▶ Records for this task:
◆ ◆ ◆

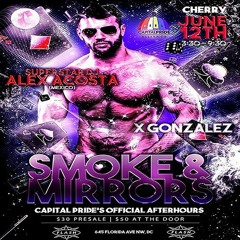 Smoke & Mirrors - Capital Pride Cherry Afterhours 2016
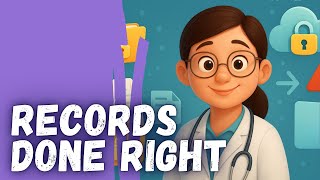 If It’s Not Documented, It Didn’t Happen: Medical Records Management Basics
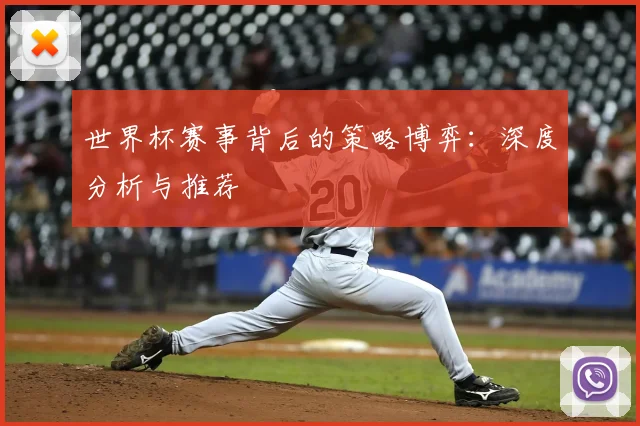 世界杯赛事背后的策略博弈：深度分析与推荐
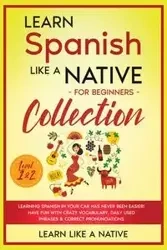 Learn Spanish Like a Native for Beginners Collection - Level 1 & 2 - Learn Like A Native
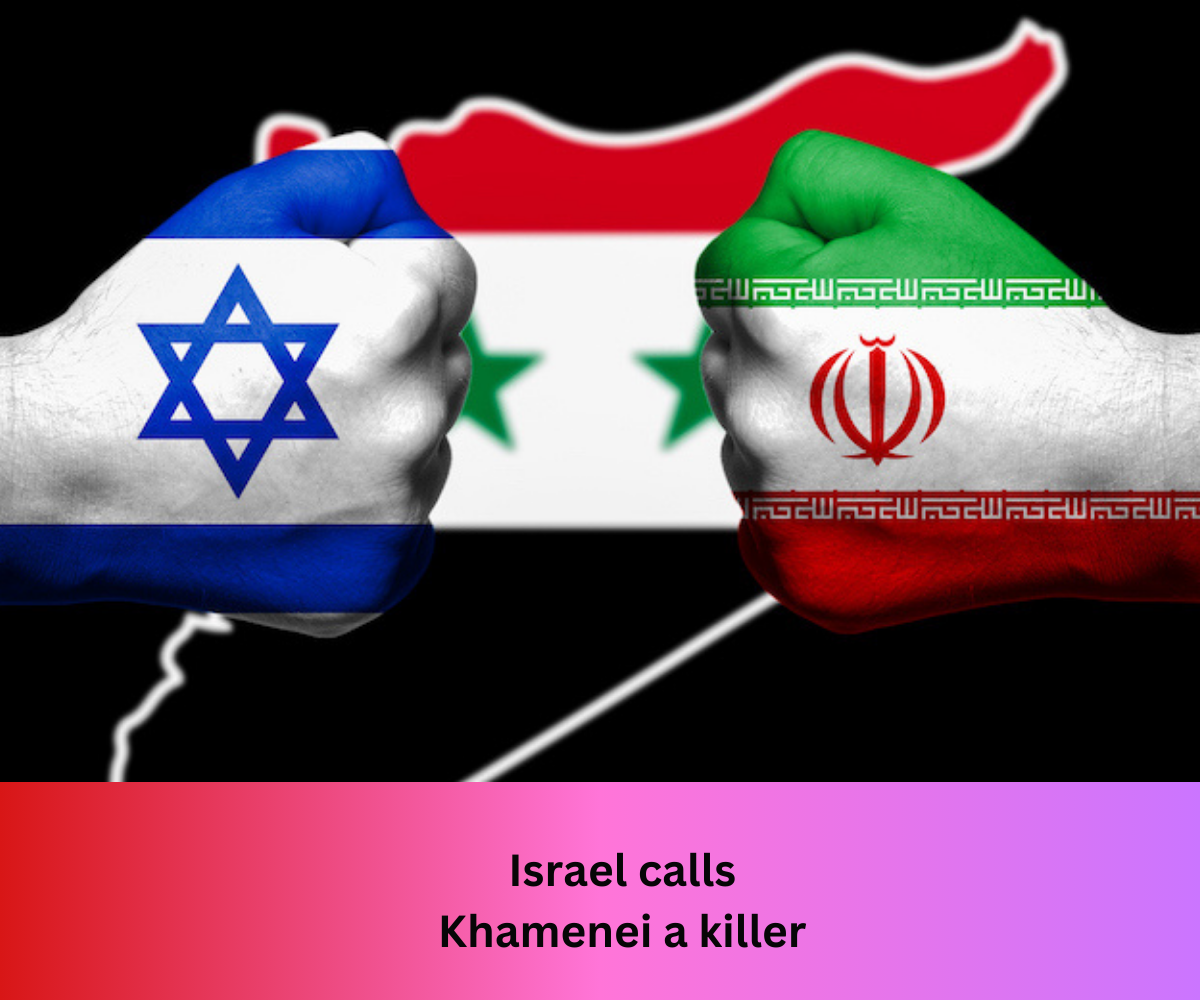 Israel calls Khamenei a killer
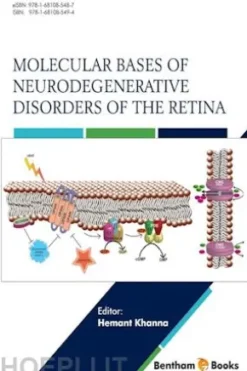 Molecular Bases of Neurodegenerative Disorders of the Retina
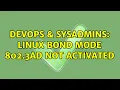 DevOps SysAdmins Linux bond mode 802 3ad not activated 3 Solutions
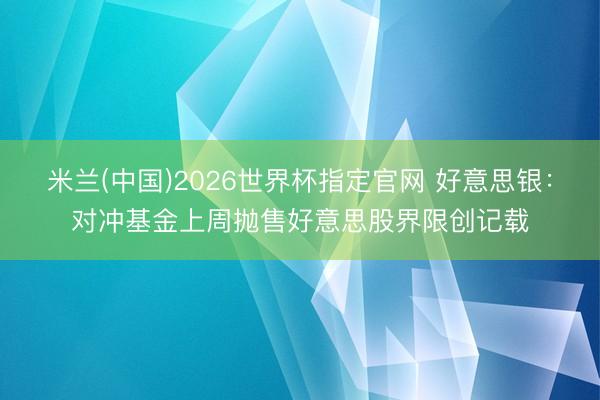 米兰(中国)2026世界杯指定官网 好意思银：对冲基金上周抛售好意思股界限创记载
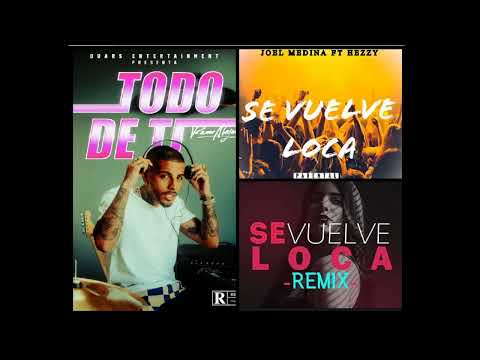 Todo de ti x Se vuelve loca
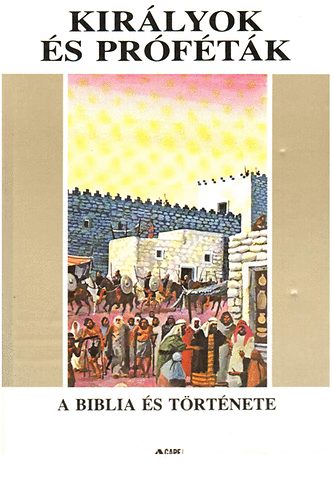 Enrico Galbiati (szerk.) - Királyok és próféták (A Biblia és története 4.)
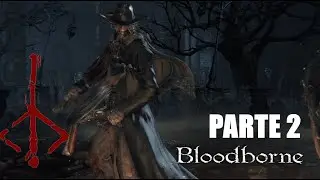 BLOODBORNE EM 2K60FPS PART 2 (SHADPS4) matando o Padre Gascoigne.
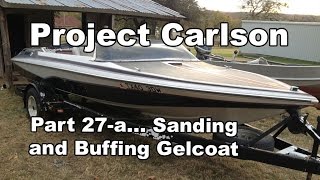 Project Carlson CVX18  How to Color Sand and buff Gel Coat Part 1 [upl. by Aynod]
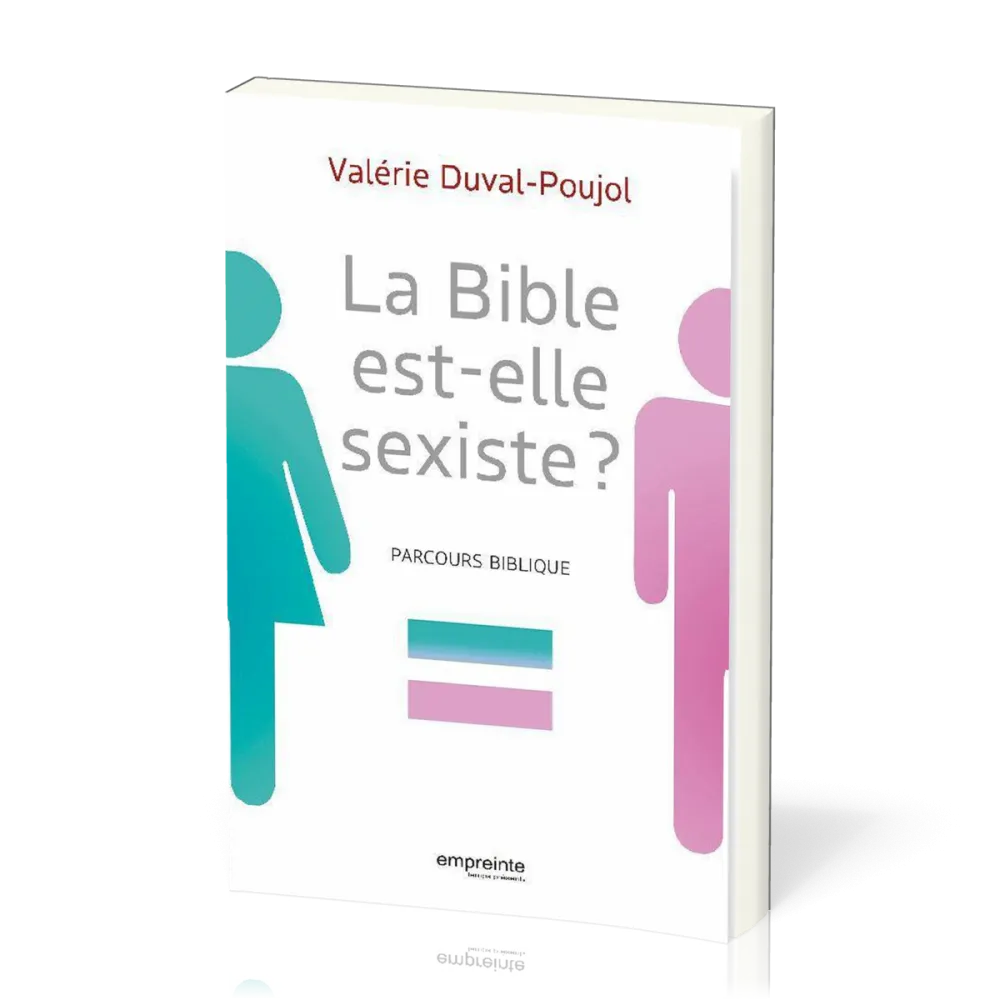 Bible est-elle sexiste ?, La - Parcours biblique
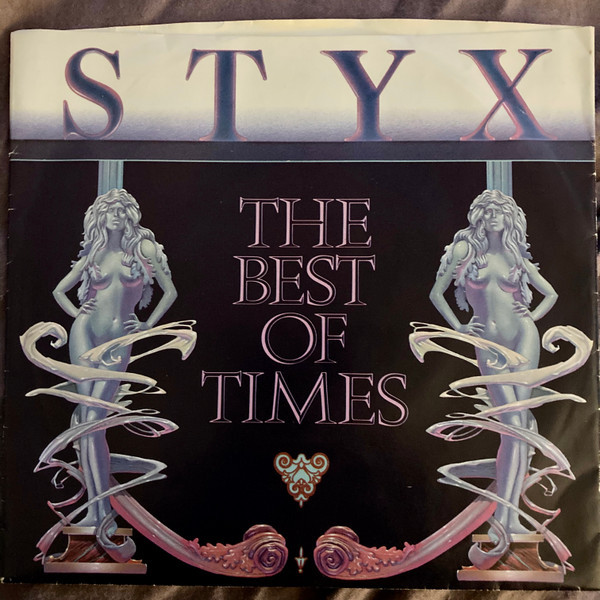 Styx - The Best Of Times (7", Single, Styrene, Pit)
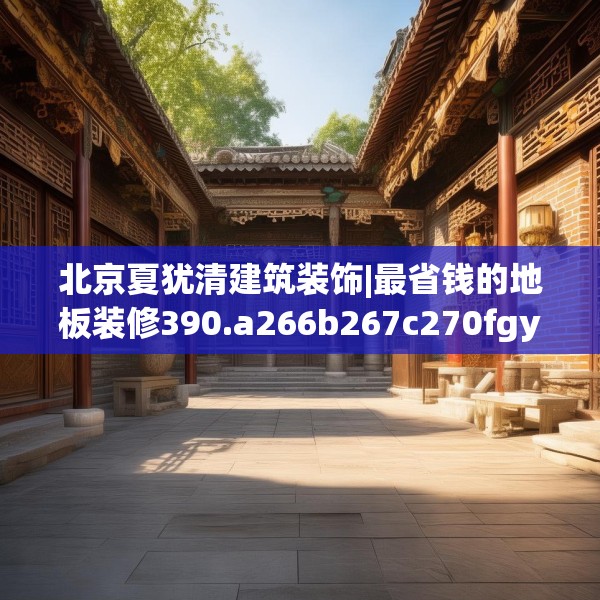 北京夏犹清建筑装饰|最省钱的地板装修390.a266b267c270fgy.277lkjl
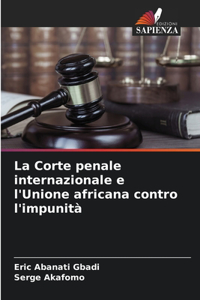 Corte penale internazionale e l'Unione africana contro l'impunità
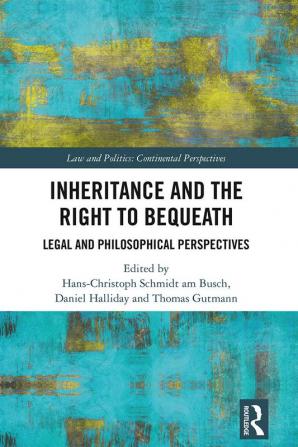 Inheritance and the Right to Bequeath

◆ ◆ ◆

Repeat the lines exactly, starting with the line that contains "米兰(中国)2026世界杯指" and ending with the last line of the entries. Keep both of those lines but no pictures.

▶ Result of this task:
 米兰(中国)2026世界杯指定官网 好意思银：对冲基金上周抛售好意思股界限创记载
 Todo de ti x Se vuelve loca
 Enrico Galbiati (szerk.) - Királyok és próféták (A Biblia és története 4.)
 BLOODBORNE EM 2K60FPS PART 2 (SHADPS4) matando o Padre Gascoigne.
 Project Carlson CVX18  How to Color Sand and buff Gel Coat Part 1 [upl. by Aynod]
 Bible est-elle sexiste ?, La - Parcours biblique
 Styx - The Best Of Times (7", Single, Styrene, Pit)
 北京夏犹清建筑装饰|最省钱的地板装修390.a266b267c270fgy.277lkjl
 Corte penale internazionale e l'Unione africana contro l'impunità
 Inheritance and the Right to Bequeath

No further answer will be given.